Les chambres disposent de leurs sanitaires, élémentaires : un lavabo et une douche en inox et des toilettes turques. Pour les repas, ils sont servis dans une salle, aux fenêtres grillagées. Le lieu n’est certes pas une prison, mais il y fait fortement penser.
La loi Asile et immigration a été adoptée en première lecture à l’Assemblée nationale. Le gouvernement vise à réduire à six mois, recours compris, contre onze aujourd’hui, l’instruction de la demande d’asile. Objectif affiché : faciliter à la fois l’expulsion des déboutés et l’accueil des acceptés. Figure aussi dans le texte le doublement du délai maximum de rétention des étrangers en attente d’expulsion (y compris mineurs), l’assouplissement du délit de solidarité...
Le texte va maintenant être discuté au Sénat, dès mardi 19 juin. En commission, les sénateurs ont amendé le texte. La majorité sénatoriale LR-UDI l’a durci, notamment en élargissant les cas de placement en rétention, en renforçant les conditions du regroupement familial ou encore en supprimant l’assouplissement du délit d’entrave.
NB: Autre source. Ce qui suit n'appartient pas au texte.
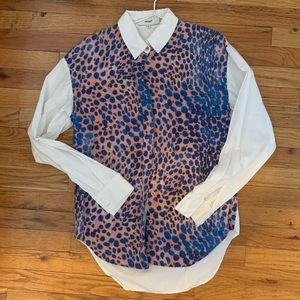 C/MEO Collective cheetah print shirt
« Ce texte est partiel, juge Didier Marie. Le problème est international. Et les premières réponses à apporter sont européennes. » Selon le sénateur, le texte est aussi « d’affichage. Il a deux objectifs : être dissuasif, afin que les migrants n’aient pas envie de choisir la France comme pays d’accueil, et remettre en cause les droits d’accès à l’asile et le droit de se défendre en cas de refus ». « Certains de nos amendements [du groupe socialiste et républicain, Ndlr] ont été adoptés », souligne Didier Marie. Ainsi la définition des pays sûrs (où l’on considère qu’un étranger peut être renvoyé sans danger) est complétée pour garantir qu’un pays où les personnes transgenres sont persécutées ne soit pas considéré comme tel.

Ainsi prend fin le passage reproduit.